Membrane peeling in the proliferative diabetic retinopathy.
Author: Marfuga Oteuliyeva (Kazakhstan)
Co-authors: Dastan Kyrykbayev, Marfuga Oteuliyeva
To evaluate the effectiveness of internal limiting membrane (ILM) removal in the treatment of proliferative diabetic retinopathy.
A 72-year-old female patient was admitted to the hospital with diagnosis: OS - Proliferative diabetic retinopathy. Full thickness macular hole. Pseudophakia. Visual acuity OS = 6/600. Vazakh Order of the "Badge of Honor" Research Institute of Eye Diseases.
HPI Posterior capsule rupture during cataract surgery with IOL implantation (MA) 13 years ago. Panretinal laser photocoagulation 4 years ago. Surgery A three-port 25G vitrectomy following the removal of ILM and glial tissues using a 27 G forceps with preliminary staining by using Diprospan (2 mg betamethasone disodium phosphate and 5 mg betamethasone dipropionate in 1 ml) and 0,18% trypan blue, thermocoagulation of bleeding vessels without additional retinal laser photocoagulation.
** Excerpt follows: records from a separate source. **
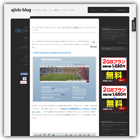 ワールドカップのファイナリストをHTML5で表現したインフォグラフィック (ajickr blog)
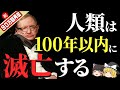 【人類滅亡!?】天才ホーキング博士が人類に残した７つの遺言【ゆっくり解説】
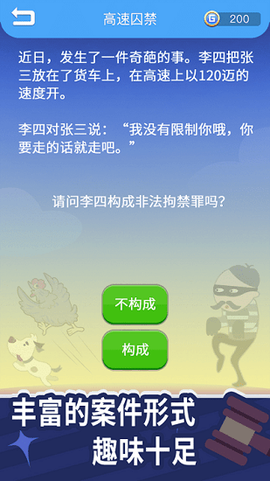 法外无狂徒图2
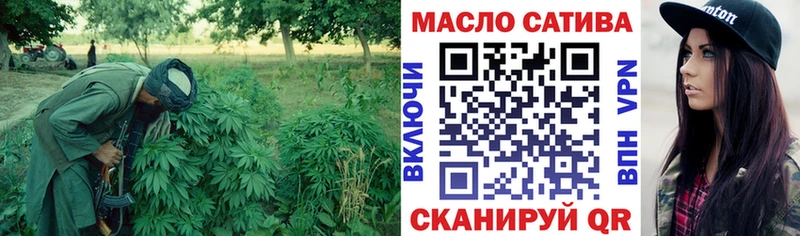 ТГК вейп  купить наркотик  Курган 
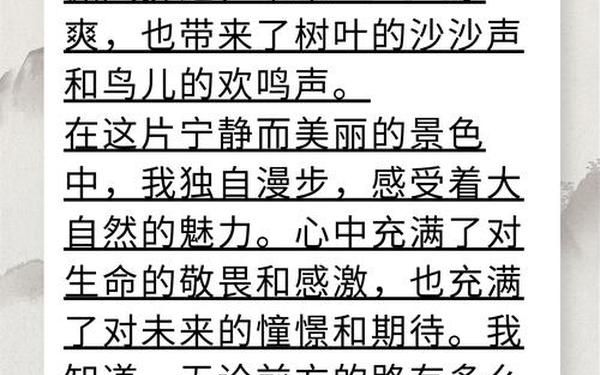 励志美文摘抄200字,摘抄优美段落200字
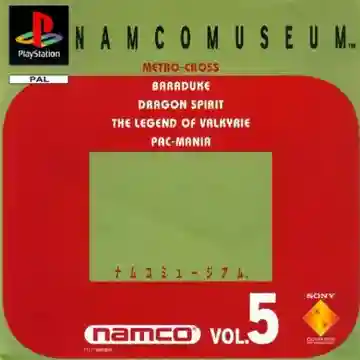 Namco Museum Vol. 5 (EU)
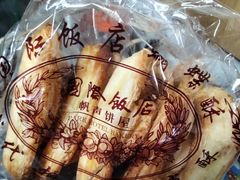 -国际饭店·帆声西饼屋(黄河路店)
Pneumatic retinopexy following silicone oil tamponade with sutureless self-sealing scleratomies was performed. The postoperative period passed without complications. OS visual acuity = 6/600, best corrected visual acuity = 6/100. Central foveal thickness by Swept-Source Optical Coherence Tomography (Topcon Corp, Tokyo, Japan): Before surgery – 553 µm; After surgery - 326 µm
1) ILM peeling is effective and safe method in the proliferative diabetic retinopathy. 2) Staining by Diprospan and the dye for ILM peeling facilitates the visualization and removal of glial tissues as completely as possible.
Kazakh Order of the "Badge of Honor" Research Institute of Eye Diseases.